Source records

=== Section Start ===

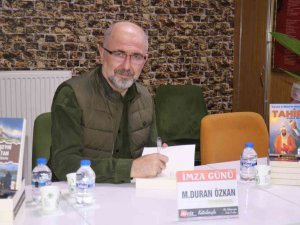 Gazeteci -Yazar Özkan, İkinci Kitabının İmza Gününde Kitapseverlerle Buluştu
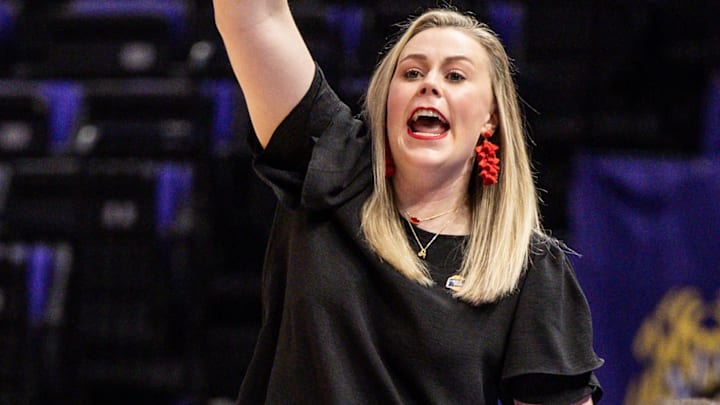 UNLV Lady Rebels head coach Lindy La Rocque gives direction against the Michigan Wolverines during the first half at Pete Maravich Assembly Center. Mandatory Credit: Stephen Lew-Imagn Images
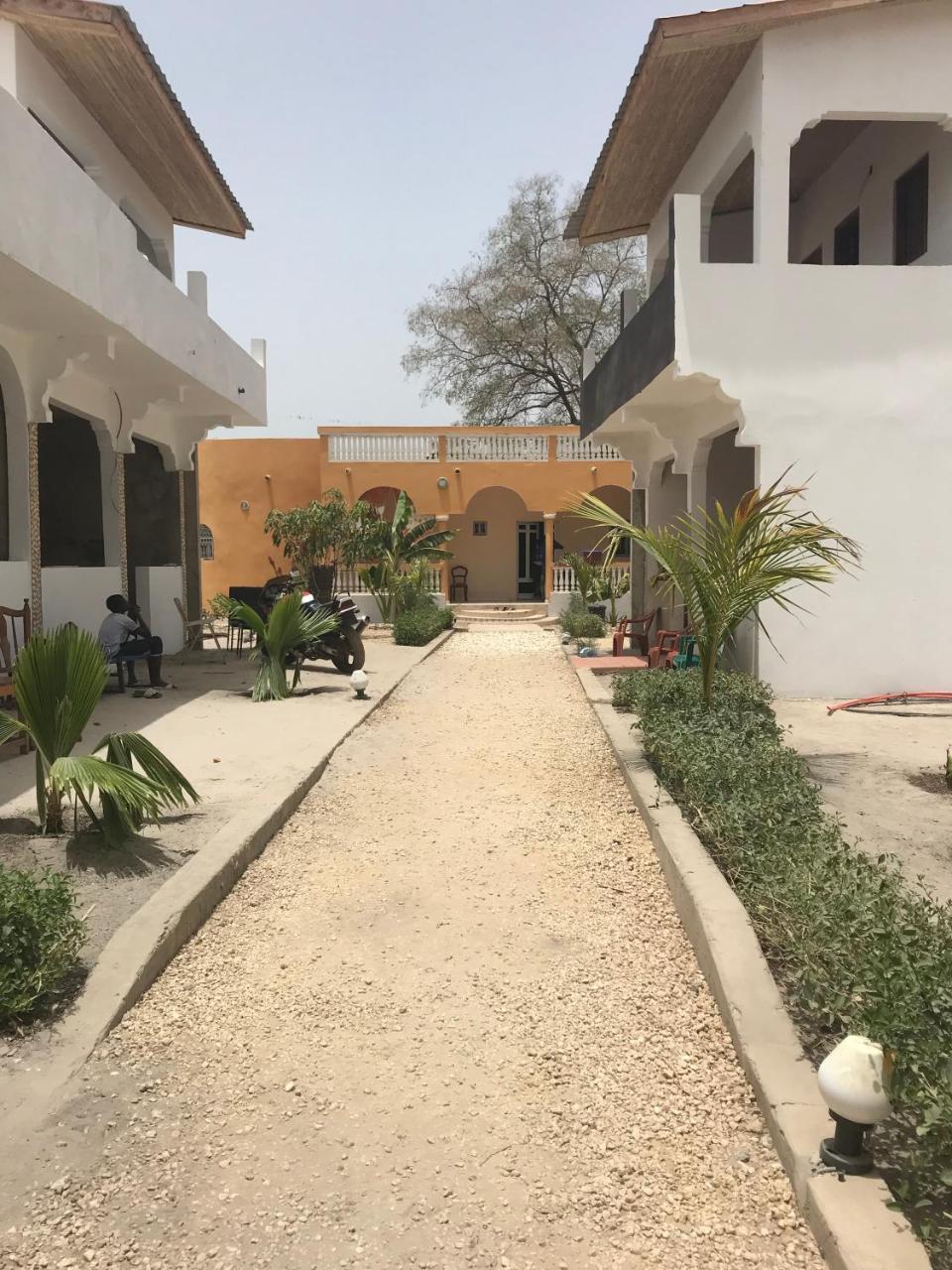 Auberge La Praline Toubakouta Esterno foto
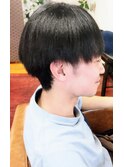 襟足のツーブロックを伸ばしながらマッシュスタイルに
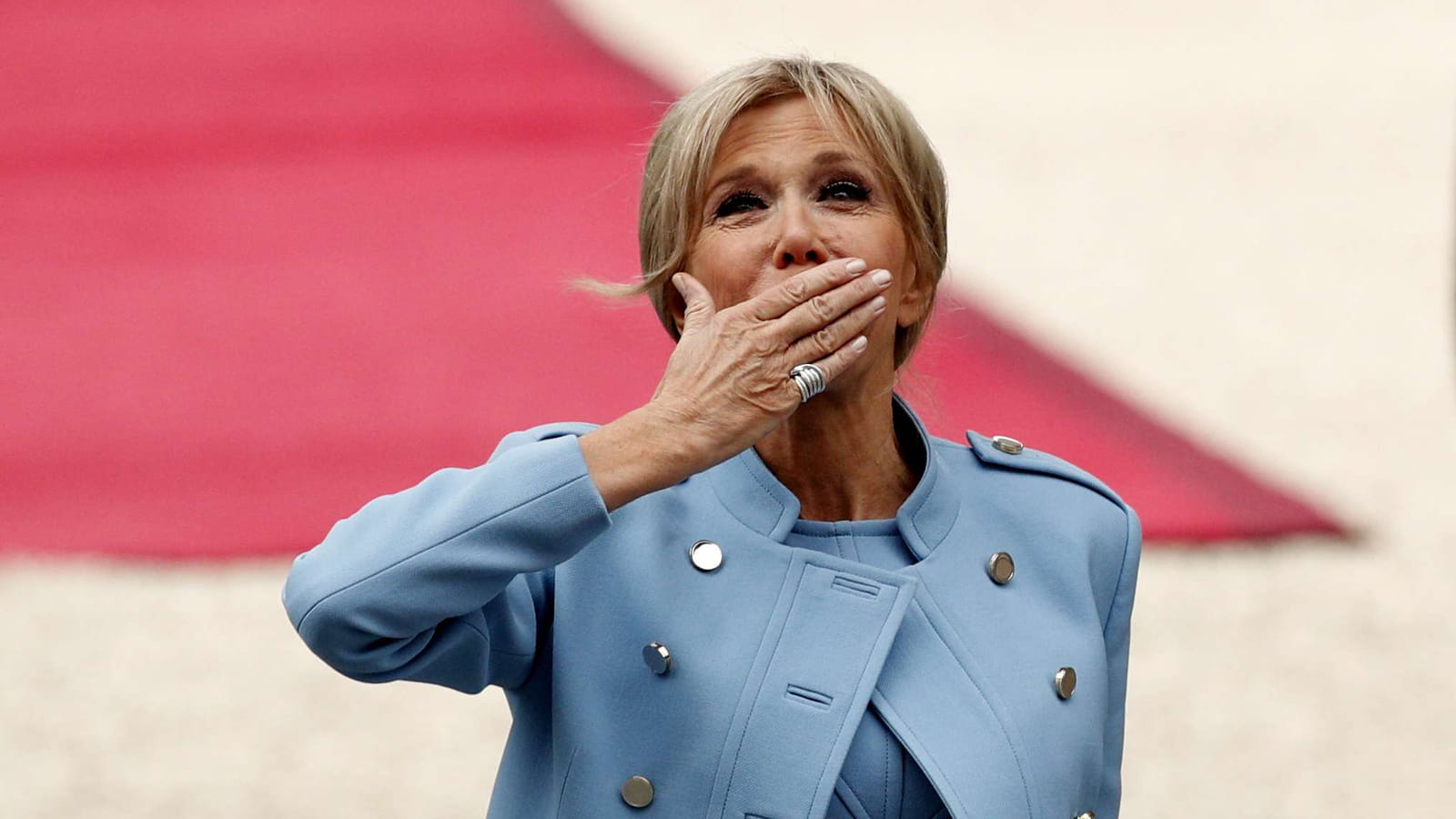 Brigitte Macron embras(s)e les foules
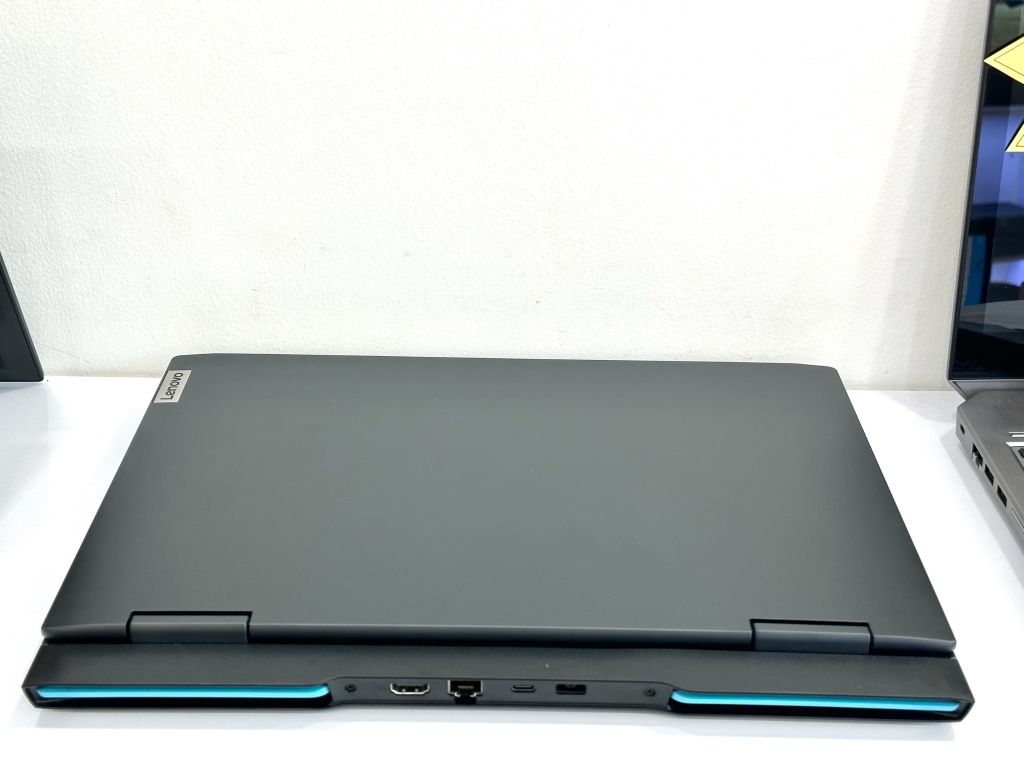 Lenovo Ideapad Gaming 3 15IAH7 i5 12450H/16GB/512GB/4GB RTX3050/120Hz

=== Section End ===

◆ Task goal: Could you transcribe the records above exactly, leaving out any pictures?

◆ Problem solution:
 Gazeteci -Yazar Özkan, İkinci Kitabının İmza Gününde Kitapseverlerle Buluştu
 UNLV Lady Rebels head coach Lindy La Rocque gives direction against the Michigan Wolverines during the first half at Pete Maravich Assembly Center. Mandatory Credit: Stephen Lew-Imagn Images
 Auberge La Praline Toubakouta Esterno foto
 襟足のツーブロックを伸ばしながらマッシュスタイルに
 Brigitte Macron embras(s)e les foules
 Lenovo Ideapad Gaming 3 15IAH7 i5 12450H/16GB/512GB/4GB RTX3050/120Hz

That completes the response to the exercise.